» **DATA IN THIS EXERCISE**:

----

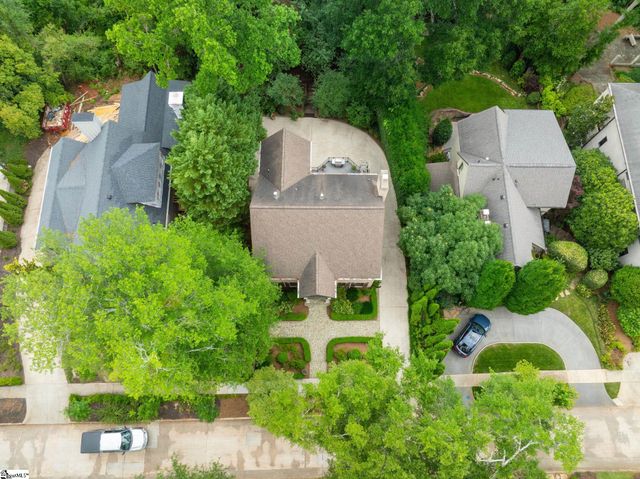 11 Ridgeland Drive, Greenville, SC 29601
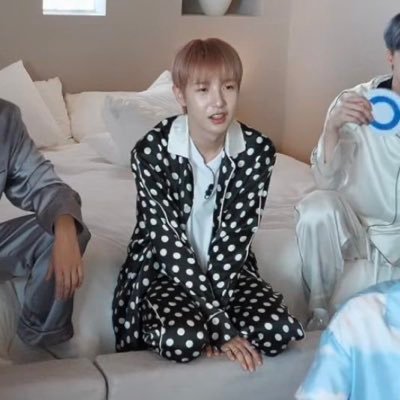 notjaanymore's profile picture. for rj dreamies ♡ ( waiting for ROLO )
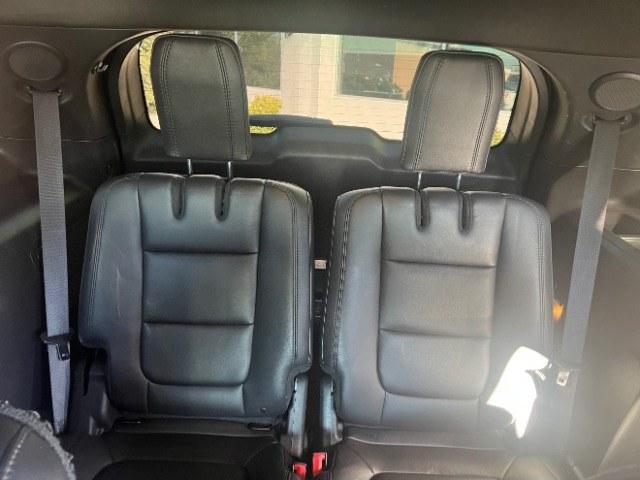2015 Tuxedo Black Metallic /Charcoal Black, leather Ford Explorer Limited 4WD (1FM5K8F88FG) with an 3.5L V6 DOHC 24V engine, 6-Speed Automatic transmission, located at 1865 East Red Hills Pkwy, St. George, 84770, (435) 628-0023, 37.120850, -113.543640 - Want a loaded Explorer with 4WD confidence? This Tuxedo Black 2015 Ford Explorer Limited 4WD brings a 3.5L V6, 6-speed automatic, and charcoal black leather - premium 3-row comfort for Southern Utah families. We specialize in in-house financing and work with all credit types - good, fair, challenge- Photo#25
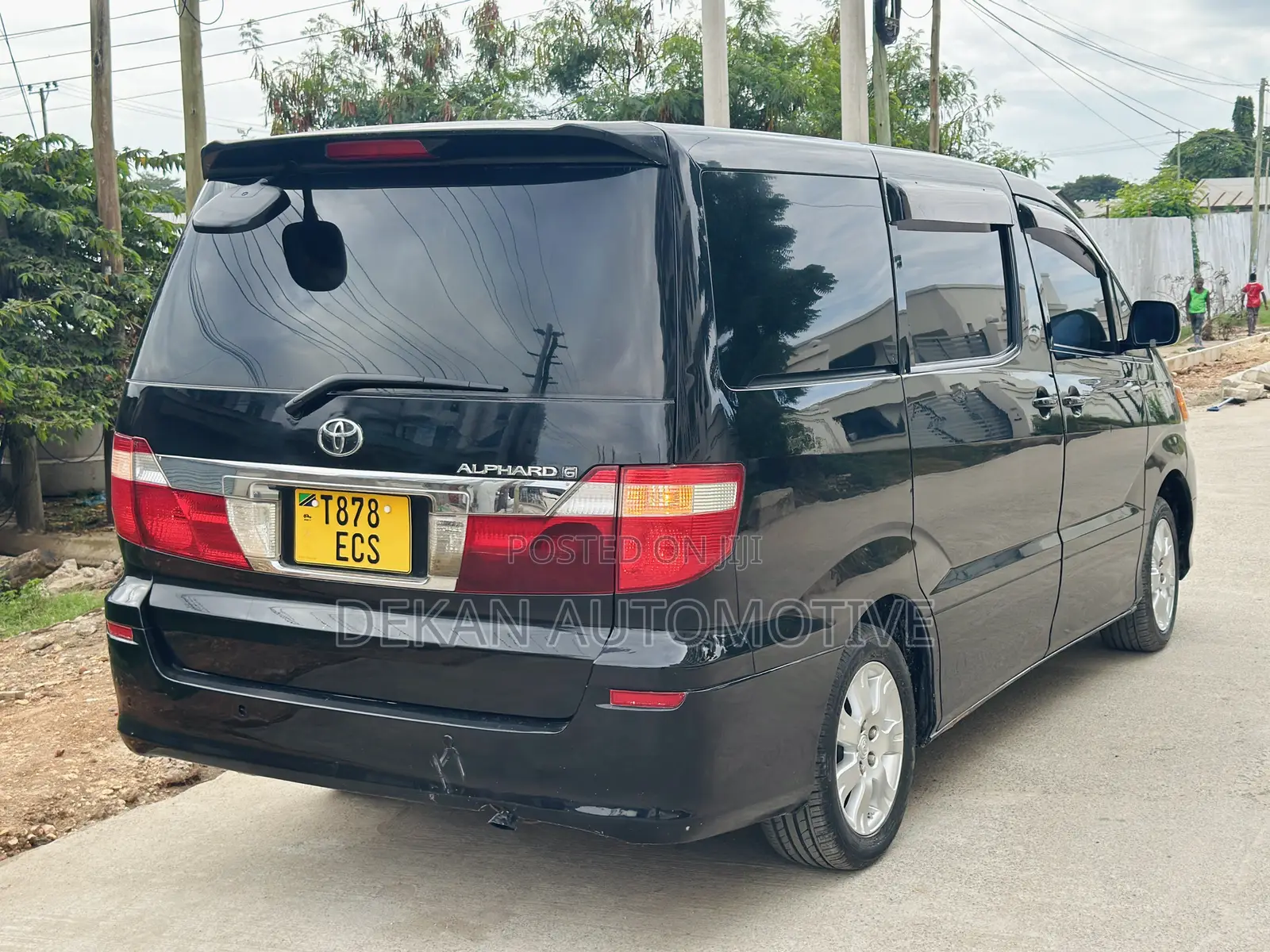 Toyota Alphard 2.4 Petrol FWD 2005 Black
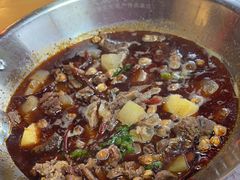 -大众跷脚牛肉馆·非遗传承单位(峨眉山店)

----

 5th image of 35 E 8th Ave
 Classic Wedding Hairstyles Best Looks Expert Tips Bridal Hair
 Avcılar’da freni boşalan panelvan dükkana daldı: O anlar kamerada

----

» **WHAT THE TASK ASKS**: Above are the records. Print exactly, and only, the lines from the line with "Classic Wedding Hairstyles" to the line with "Avcılar’da freni boşalan", both inclusive.

» **EXERCISE OUTPUT**:
 Classic Wedding Hairstyles Best Looks Expert Tips Bridal Hair
 Avcılar’da freni boşalan panelvan dükkana daldı: O anlar kamerada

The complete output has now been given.